La cérémonie de lundi est particulière, elle aussi. Après deux tentatives d'assassinat contre Donald Trump, l'attentat en Louisiane et les tensions que son élection a suscitées, le Secret Service doit se sentir surveillé...
Disons-le franchement, ils n'auront pas le droit à l'erreur. D’autant qu'il est assez rare de pouvoir les observer à l'œuvre en direct.
Et les agents de protection se sont retrouvés soudain au cœur de l'action, surtout quand Trump s'est débattu avec vigueur pour lever son poing en l'air.
Une scène pareille, avec un président qui veut s'extirper de ses propres gorilles, c'est un catastrophe pour le Secret Service, non?
Absolument. La logique voudrait, quand on vous tire dessus, que vous vous mettiez immédiatement à l'abri. Qu'un président se retrouve, en quelques secondes, à nouveau à la merci d'un potentiel coup de feu, c'est un véritable casse-tête pour les agents.
En début de semaine, les différents responsables de la sécurité ont affirmé que l'investiture se déroulera dans «un environnement à haut risque», mais sans «menace spécifique». Ce qu'ils redoutent le plus, c'est le «loup solitaire». Vous confirmez?
Sans acte préparatoire majeur, ces individus sont très difficiles à neutraliser. Quand un acte est précédé d’un plan élaboré à l'avance, les services de renseignements ont la possibilité d'intercepter des échanges et d'intervenir en amont.
Vous-même, avez-vous été entraîné à détecter ces loups solitaires dans une foule?
Il n'y a pas de formation spécifique. Et ça peut paraître curieux, mais, face à une foule, vous voyez tout de suite la personne qui envisage de commettre quelque chose.
Comment ça?
N'étant pas des professionnels, ces loups solitaires ont un regard et une attitude très bavards. C'est d'ailleurs la raison pour laquelle les agents du Secret Service n'ôtent jamais leurs lunettes de soleil. Ce n'est pas seulement pour jouer à Men in Black, mais pour balayer la foule discrètement. C'est une partie importante de leur travail.

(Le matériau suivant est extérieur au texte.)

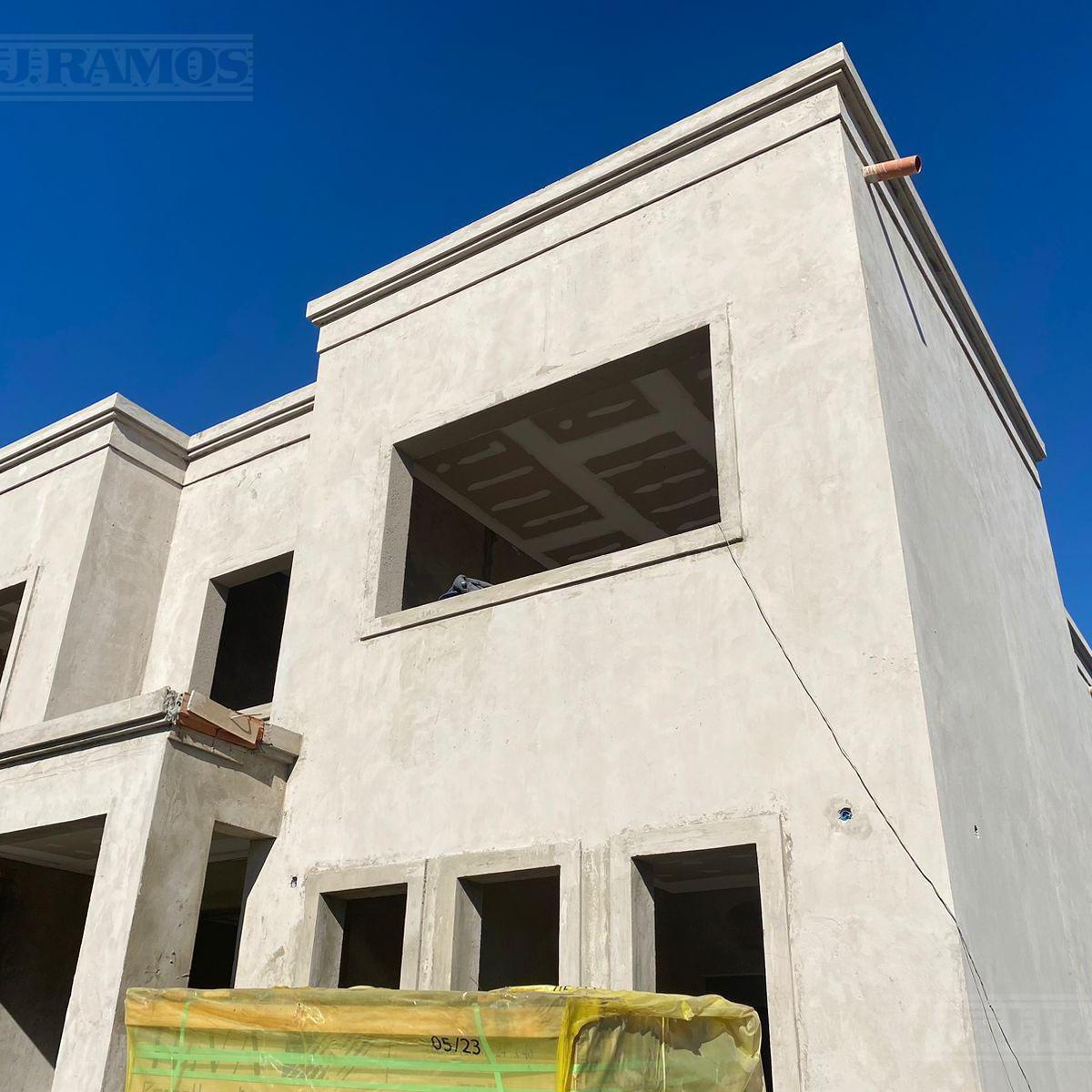Casa en el Barrio Araucarias, Puertos / Escobar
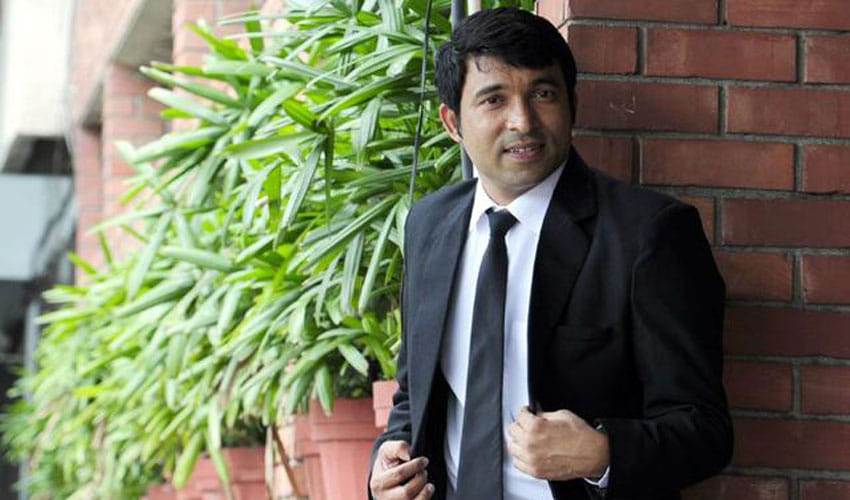 The Kapil Sharma Show Fame Chandan Prabhakar Becomes Father Of A Baby Girl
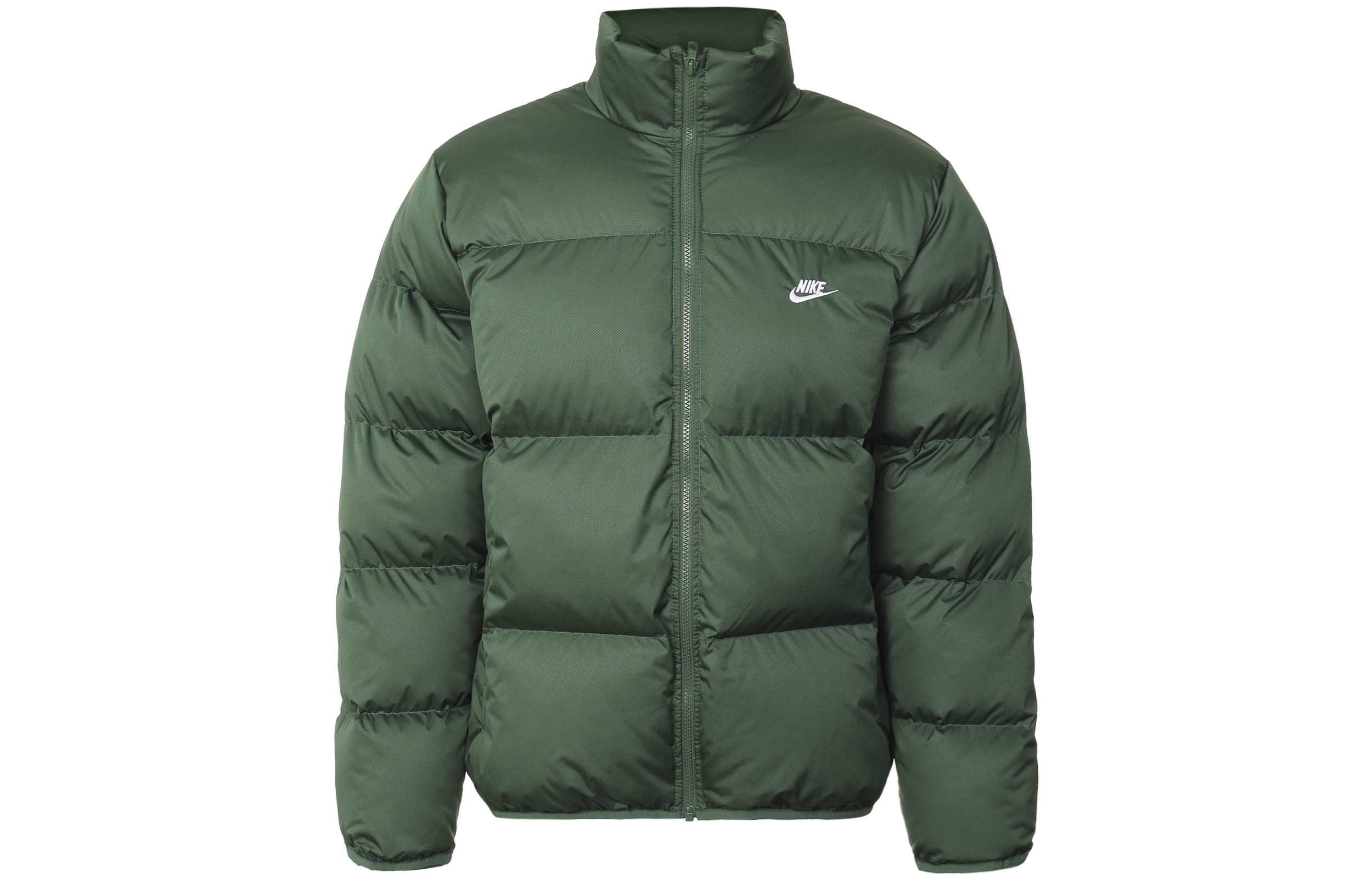 Order Chaqueta Nike Sportswear Club Primaloft Acolchada Verde Firs FB7369-323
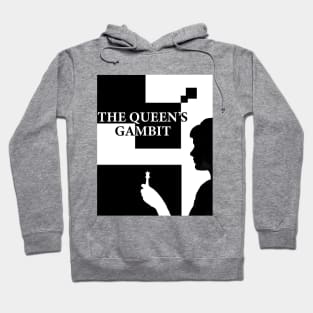 The Queen's Gambit Hoodie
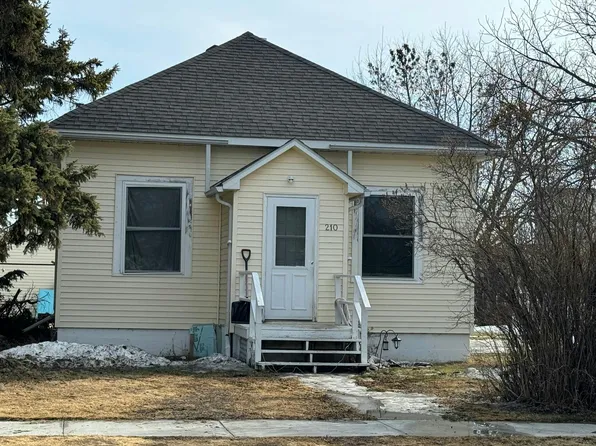 210 1st Ave NW, Baudette, MN 56623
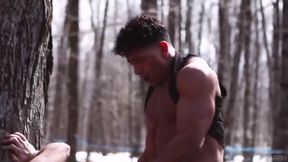 Kenzo Alvarez In Sugar Shack Upton Sterling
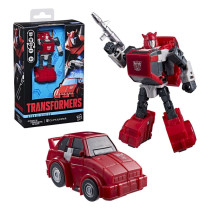 The Transformers: The Movie Studio Series Deluxe Class Action Figure Cliffjumper 10 cm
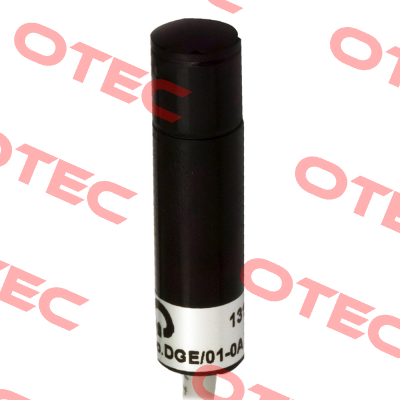 DGE/01-0A Micro Detectors / Diell (now Datasensing)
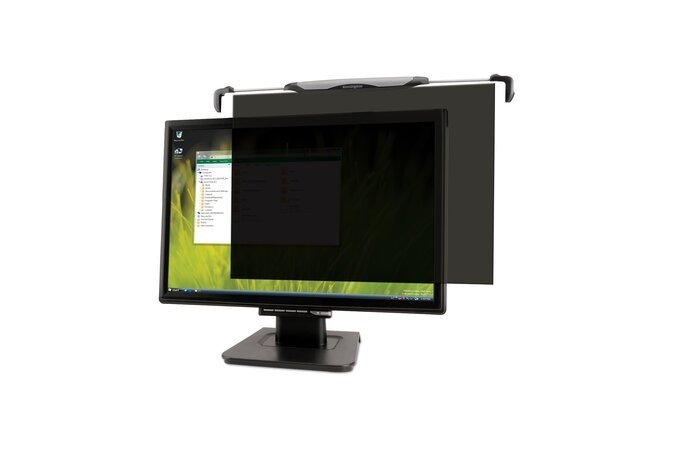 Kensington K58400WW FS270 Snap2 Privacy Screen for 25"-27" Widescreen Monitors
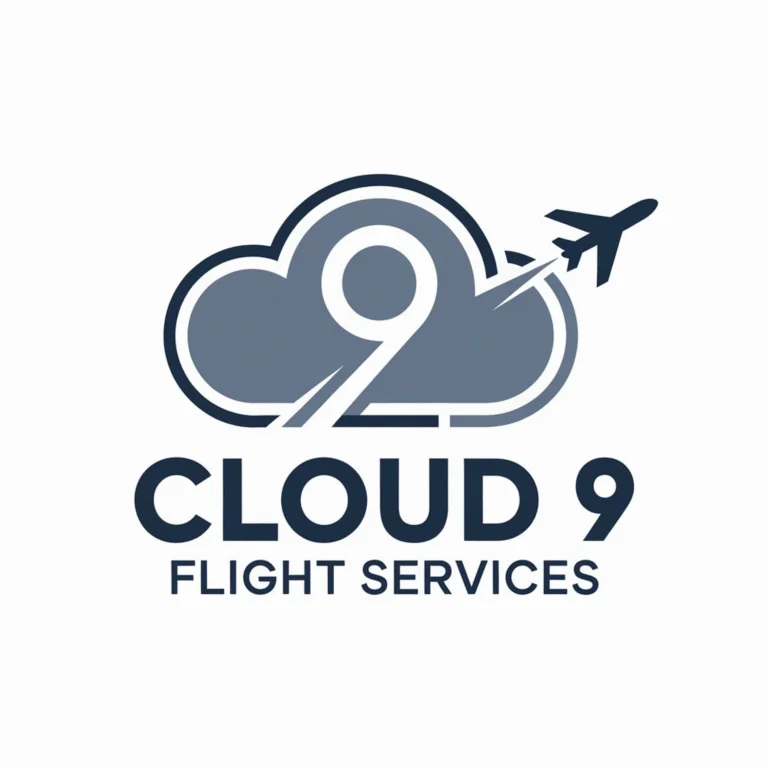 Cloud Nine Flight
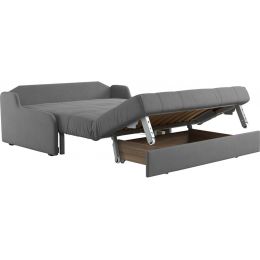 Диван Токио Plush Grey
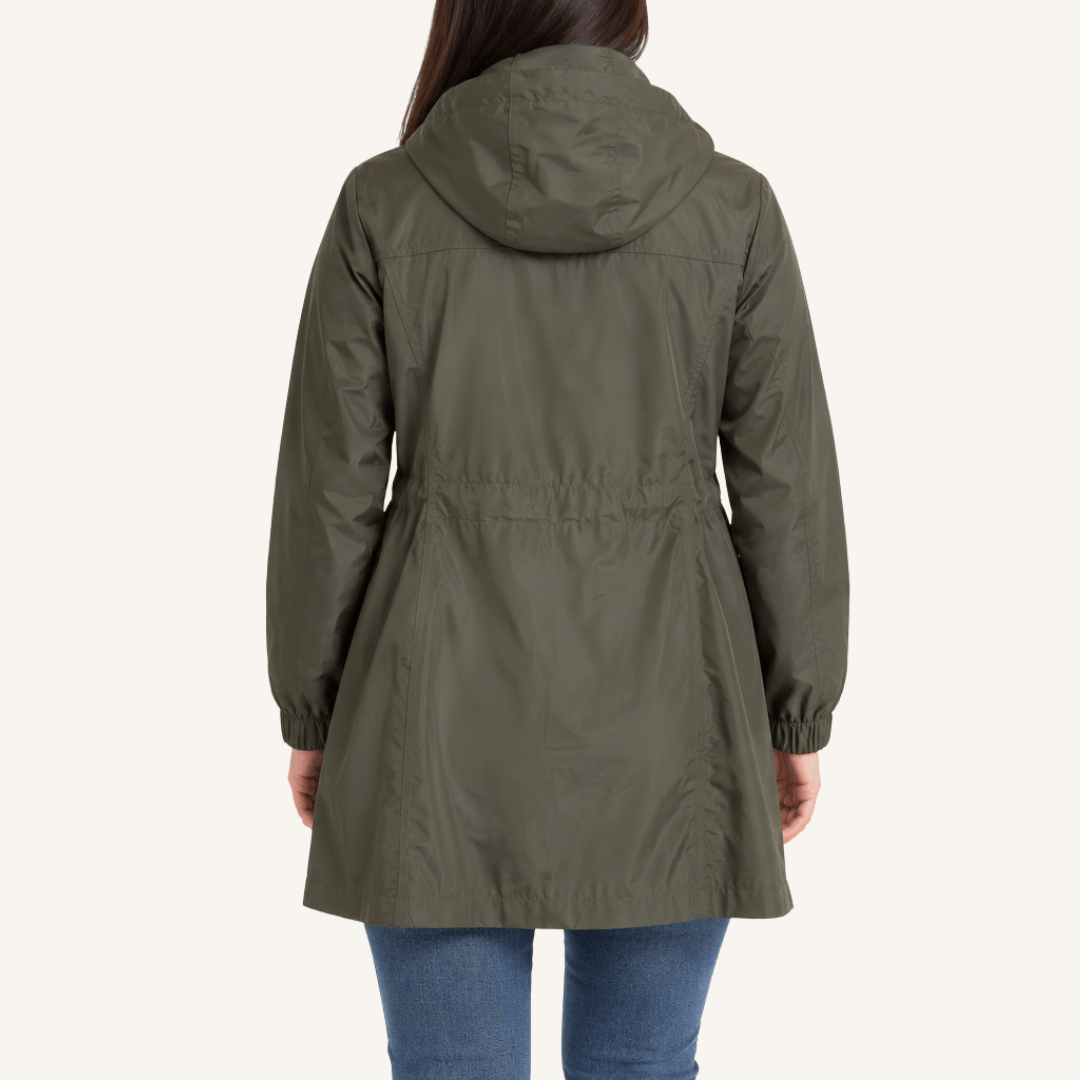 Gabardina Michael Kors
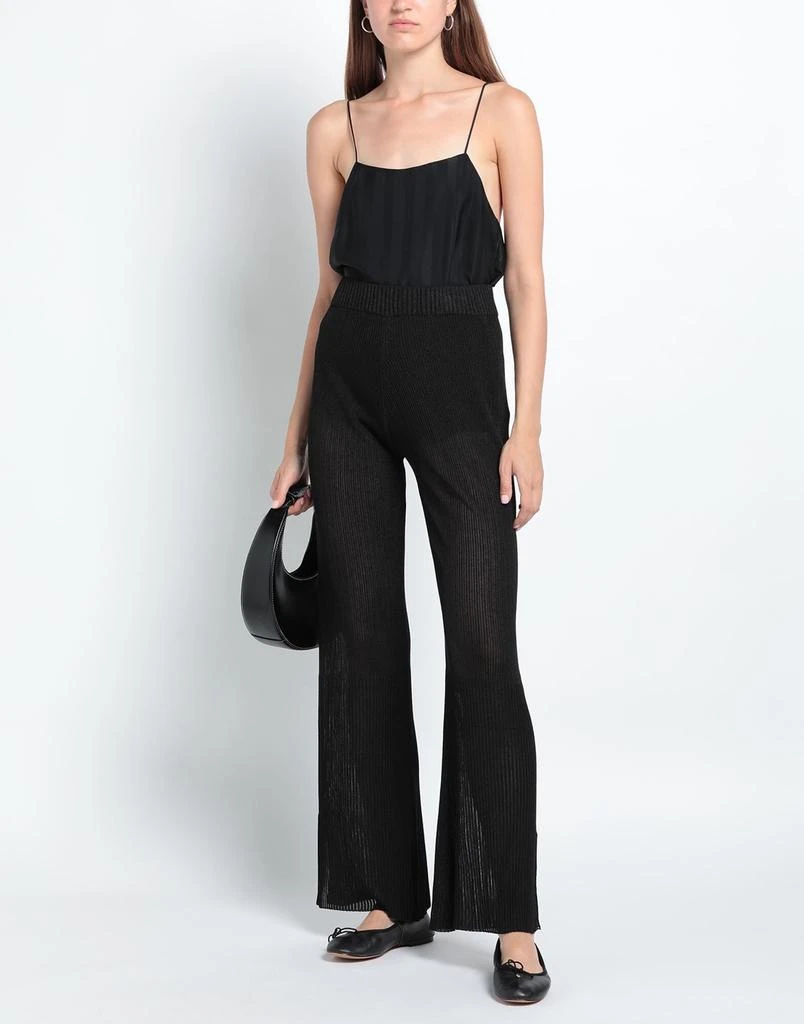 NOCOLD Casual pants 2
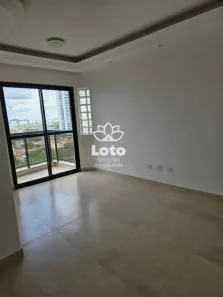 Apartamento com 2 Quartos para alugar, 69m² no Vila Oliveira, Mogi das Cruzes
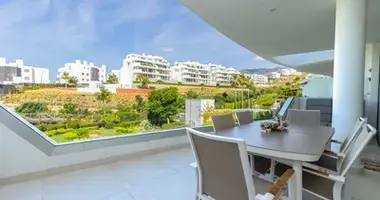 2 bedroom apartment in Benalmadena, Spain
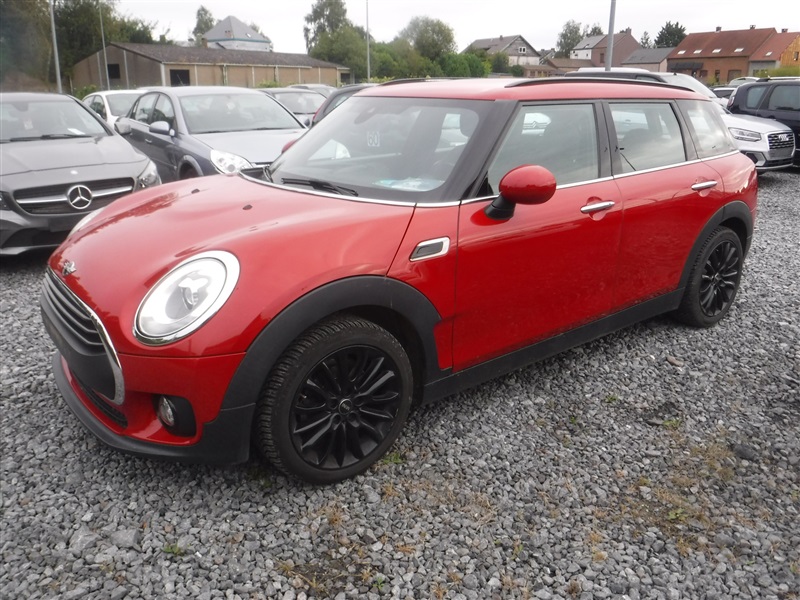 MINI One Clubman 1.5 One n°60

Ça vous est déjà arrivé de repérer des individus suspects?
Oui! En 1996, lors de la visite de Jean-Paul II à Sainte-Anne-d’Auray, en Bretagne, j'avais repéré quatre gars, parmi plus de 100 000 personnes, qui s'apprêtaient à balancer quelque chose sur le pape. Ils avaient une manière très particulière de regarder frénétiquement autour d'eux, alors que la foule était hypnotisée par Jean-Paul II, comme un seul homme. Les agents avaient pu les interpeller à temps.
On imagine bien que, lors d'un événement tel que l'investiture d'un président américain, Washington devient un véritable bunker.
Bien sûr. Mais jamais un chef d'Etat n'arrive sur un site, quel qu'il soit, sans qu'il ait été préparé et passé au peigne fin. Pour ce qui est de l'investiture, il y aura des structures temporaires qui seront montées et un périmètre va être déterminé. Personne n'entre sans être soigneusement contrôlé et passé au fichier.
Qui dirige les opérations?
Lundi, plusieurs services seront d'ailleurs chargé de la même mission, ça va de la police de Washington à l'armée. C'est le département de la Sécurité intérieure qui désigne le Secret Service comme l'agence qui prendra la direction des opérations.
Quelle est la plus grande menace sécuritaire lors de l'investiture d'un président, en 2025?
Aujourd'hui, je dirais les drones.
Le moindre objet volant sera systématiquement abattu?
C'est un peu plus compliqué que ça. Il faut déjà savoir à quel type de drones on a affaire. Et descendre un objet qui plane au-dessus de 200 000 personnes, s'il est chargé d'explosif, c'est aussi le risque de blesser ou de tuer plusieurs personnalités de premier plan.
Moi qui regarde beaucoup (trop) de fictions américaines, je pense tout de suite à un employé de chantier qu'on aurait soudoyé pour déjouer la sécurité...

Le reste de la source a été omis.